Ten Speed Press, $16.95
Vegetarian cooking has always had two big advantages - healthfulness and economy - but there was a time when the cookbooks that extolled vegetarian virtues were as boring as they were earnest.
Strong on nutburgers and root vegetables, they might just as well have suggested eating one's Birkenstocks.
Not anymore. As more of us are eating lighter, so the cookbooks launched to entice us are lighter and brighter and livelier, too. Among them is John Penza's new book, "Sicilian Vegetarian Cooking."
Little Butter, No Milk
Following upon the well-received "Sicilian American Pasta," Mr. Penza, who lives in Bridgehampton and is more widely known as the novelist John Okas, has turned his hand to lighter and more healthful recipes with a Sicilian snap.

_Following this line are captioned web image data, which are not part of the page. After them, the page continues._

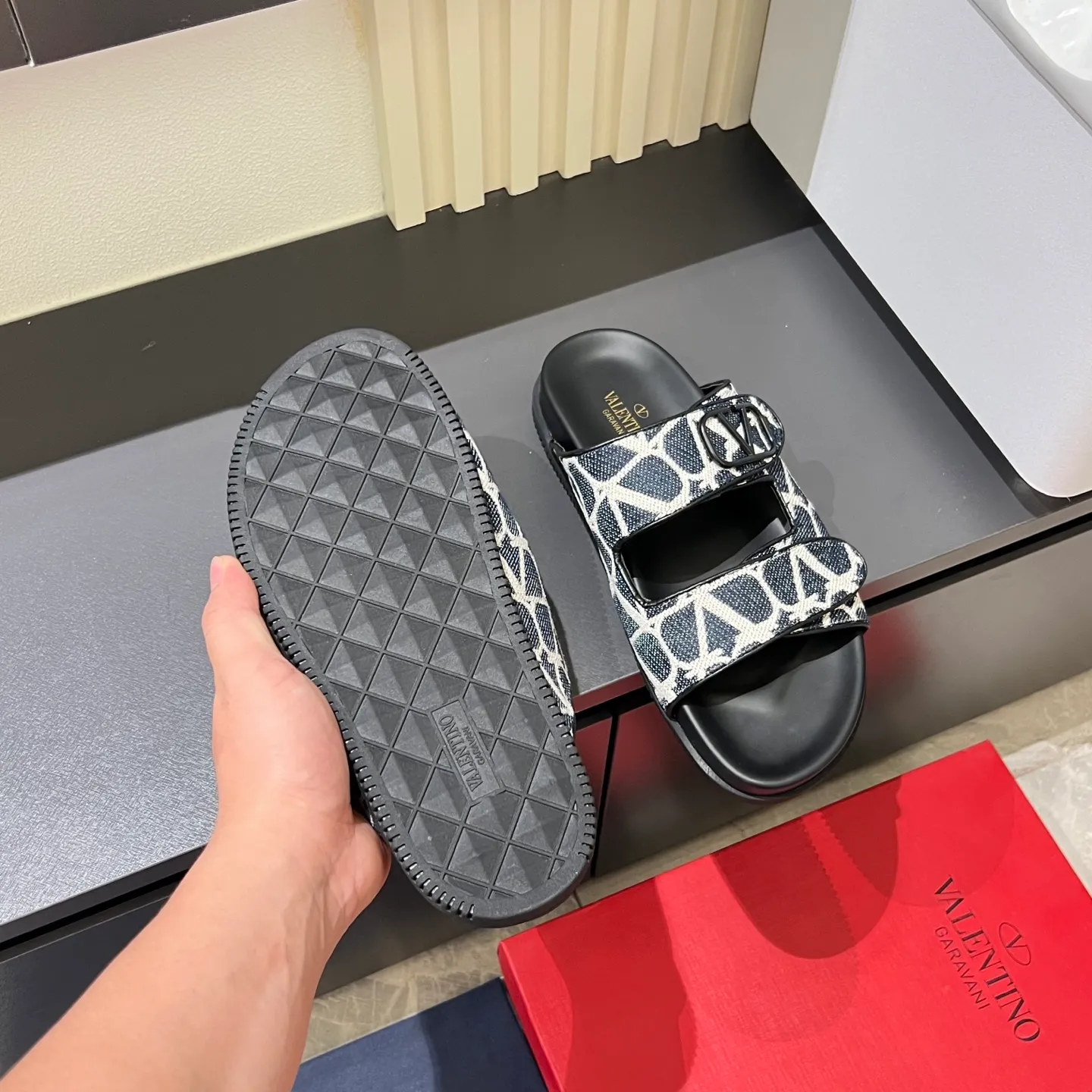 p300《VALENTINO》Warren Men🧍‍♂️Spring and Summer New Style. Cowhide logo flat slippers, elegant sandals, the same style worn by celebrities, original molding, imported calfskin. Rubber outsole. Soft and durable, full set of counter packaging, 38-44!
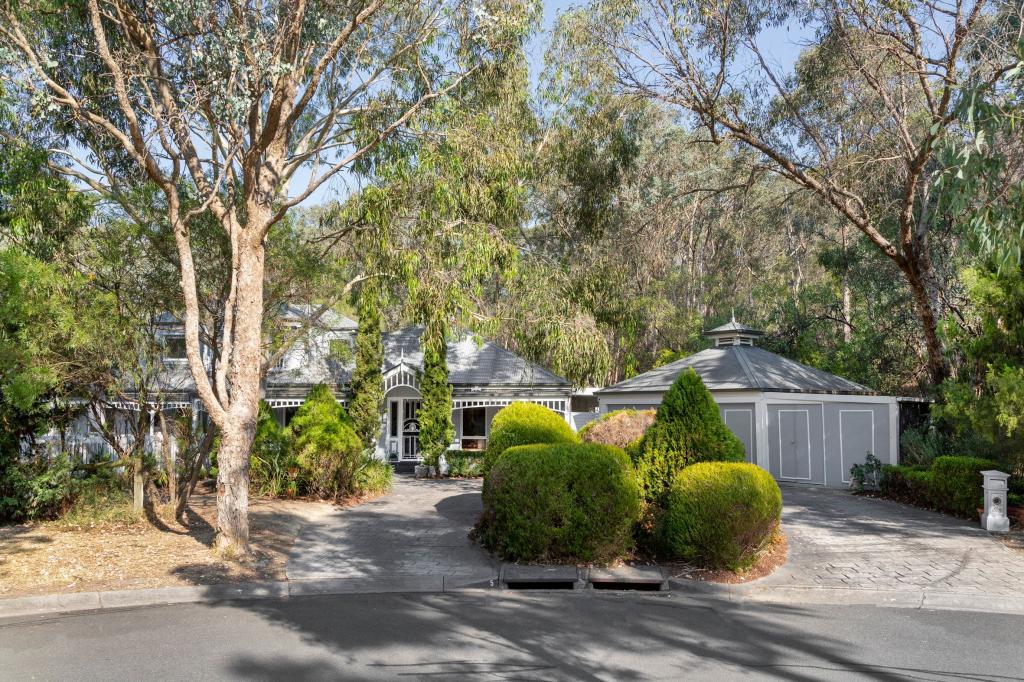 5 Tom Roberts Gld, Diamond Creek, VIC 3089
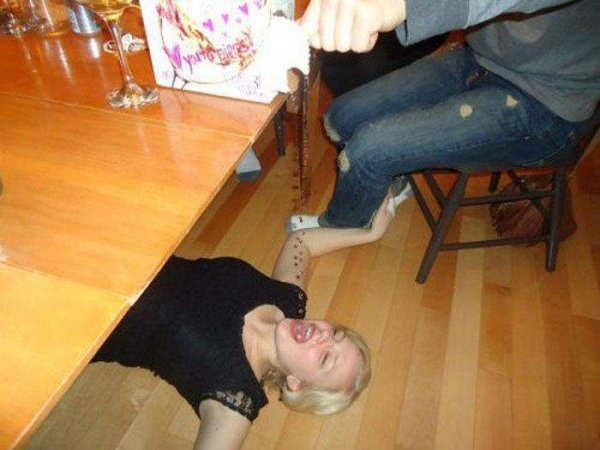 Долго сидела в туалете прикол)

There is little butter and no milk in the recipes, which cover soups, appetizers, pasta, pizza, salads, rice, polenta, and egg dishes, plus a few desserts.

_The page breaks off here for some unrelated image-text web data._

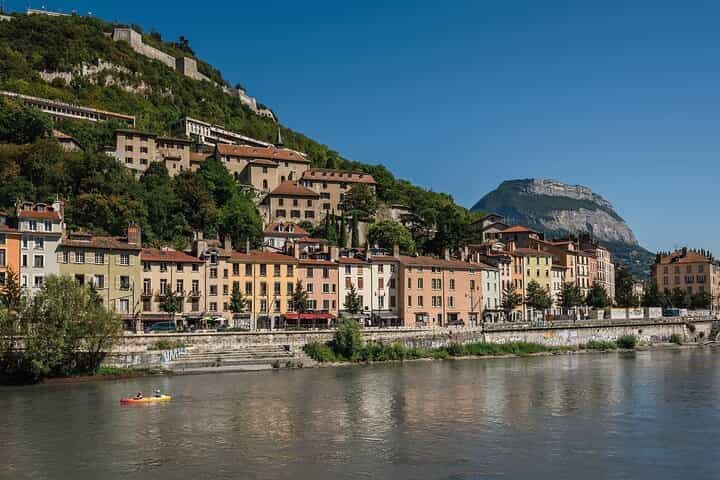 Explore Grenoble in 60 minutes with a Local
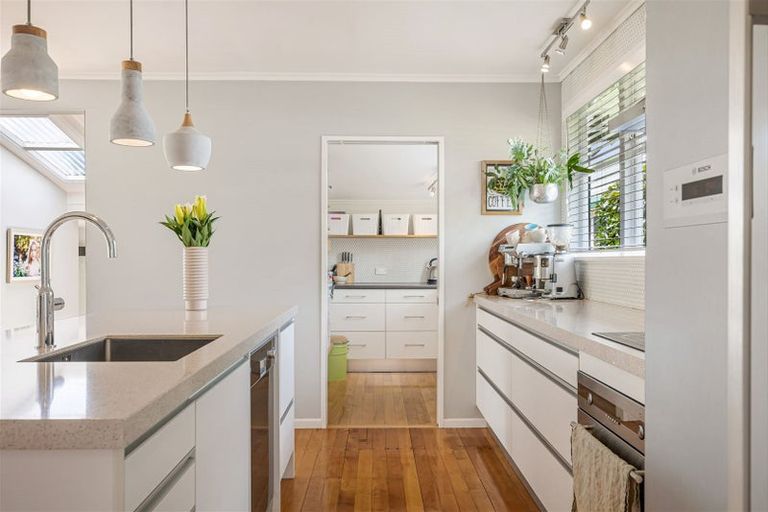 Photo of property in 12 Trigg Road, Huapai, Kumeu, 0810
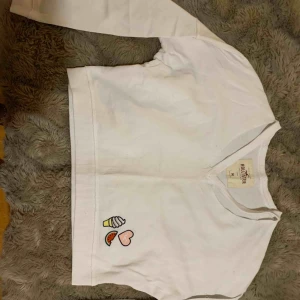  - Super cute and a crop top 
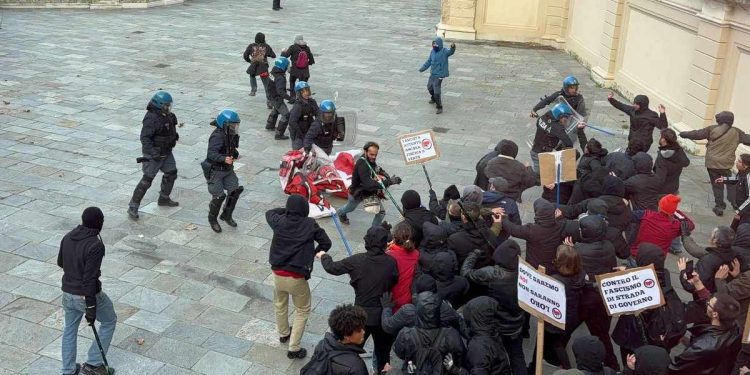 Scontri a Bologna con la polizia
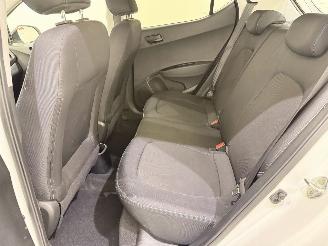 Hyundai I-10 1.0 Go Climate/Navi picture 29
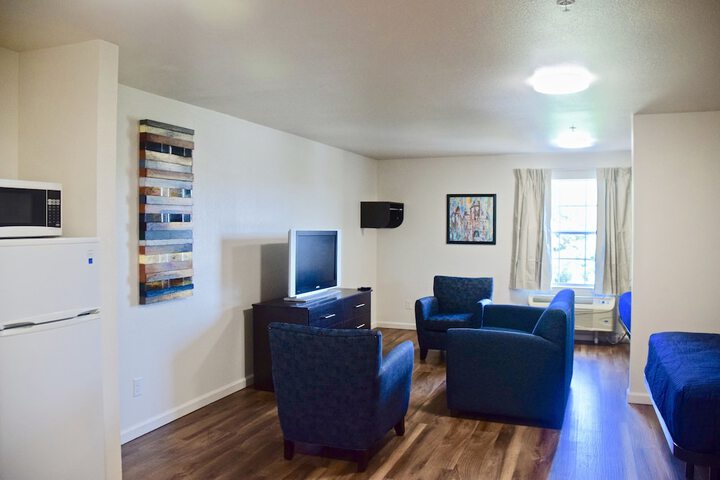 Room 7 of 12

There are new variations on old favorites, such as a lentil soup that uses porcini mushrooms instead of bacon or sausage for a meaty flavor, and tempting new ideas, such as a hearty escarole soup with cheese ravioli or a soup made with portobello mushrooms and polenta.
Surprises
While the recipes for pizza don't have many surprises, there are plenty of others that do.
What about penne in a spicy tomato and Grand Marnier sauce or grilled polenta squares with a topping of white beans, arugula, and mozzarella, or an invigorating fennel, orange, and mozzarella salad?
Then there are rather more demanding recipes, such as a rice pie that calls for rice with eggs, pecorino, provolone, and ground almonds baked with a covering of fried eggplant in a hot onion, garlic, and tomato sauce.
Sounds good.
Drawings To Drool By
The book also supplies instructions for essential stuff you will need along the way - mayonnaise, a good vegetable stock, basic tomato sauce, pizza dough - so the beginner won't have to resort to other cookbooks.
But what makes this book irresistible, as those who bought Mr. Penza's earlier book will agree, are the illustrations by Miriam Dougenis of Sag Harbor.
Fat purple aubergines, fiery squash blossoms, butter-colored corn, tablecloths striped in Mediterranean blue, and the kind of ripe red tomatoes we fantasize about all winter long - Ms. Dougenis can paint food that makes you drool, makes you want to start cooking at once, and certainly makes you anxious to shell out a reasonable $16.95 at the cash register.
"Pancakes A to Z"
Marie Simmons
Houghton Mifflin, $15
As Marie Simmons notes in her introduction to "Pancakes A to Z," the batter-based food, also known as flapjacks, hotcakes, and griddlecakes conjures up memories of fire department-sponsored breakfasts all over small-town America, which would include the many hosted over the years right here.
What better food to honor with a little cookbook of its own?
Try to think of a kind of pancake for every letter of the alphabet. You're probably hard-pressed (if not, maybe you should be writing your own cookbook). But Ms. Simmons, a part-time resident of Sag Harbor, has managed to, with a creativity that reminds us that pancakes are not just that breakfast staple topped with maple syrup.
Breakfast, Lunch, Dinner
Through Ms. Simmons's interpretations, pancakes can be served for breakfast, yes, but also as appetizers, a light lunch, even dinner, and dessert.
And, all-American though they may be, they in fact draw from culinary traditions around the world, "from the crisp lentil patties of southern India to the buckwheat blini of Russia and delicate crˆpes of France."
How about starting a chilly winter day with a helping of banana sour cream pancakes with cinnamon maple syrup? Or savory little corn pancakes topped with a dollop of sour cream and crowned with black caviar served at your New Year's party?
Mashed-Potato Pancakes?
An egg pancake paired with greens and curls of Parmesan as a light lunch treat? Mashed-potato pancakes jazzed up with shredded cheese, mustard, and scallion to accompany your grilled meats for dinner?
Cocoa pancake-ettes with Susan's fudge sauce, a chocolatey choice clearly for dessert?
A few simple tips for the perfect pancake - for example, stir, don't beat, the batter - round out this concise little book. It is the third in an "A to Z" series by Ms. Simmons: Bar cookies and muffins have already been done, and word is a book on puddings is in the mixer.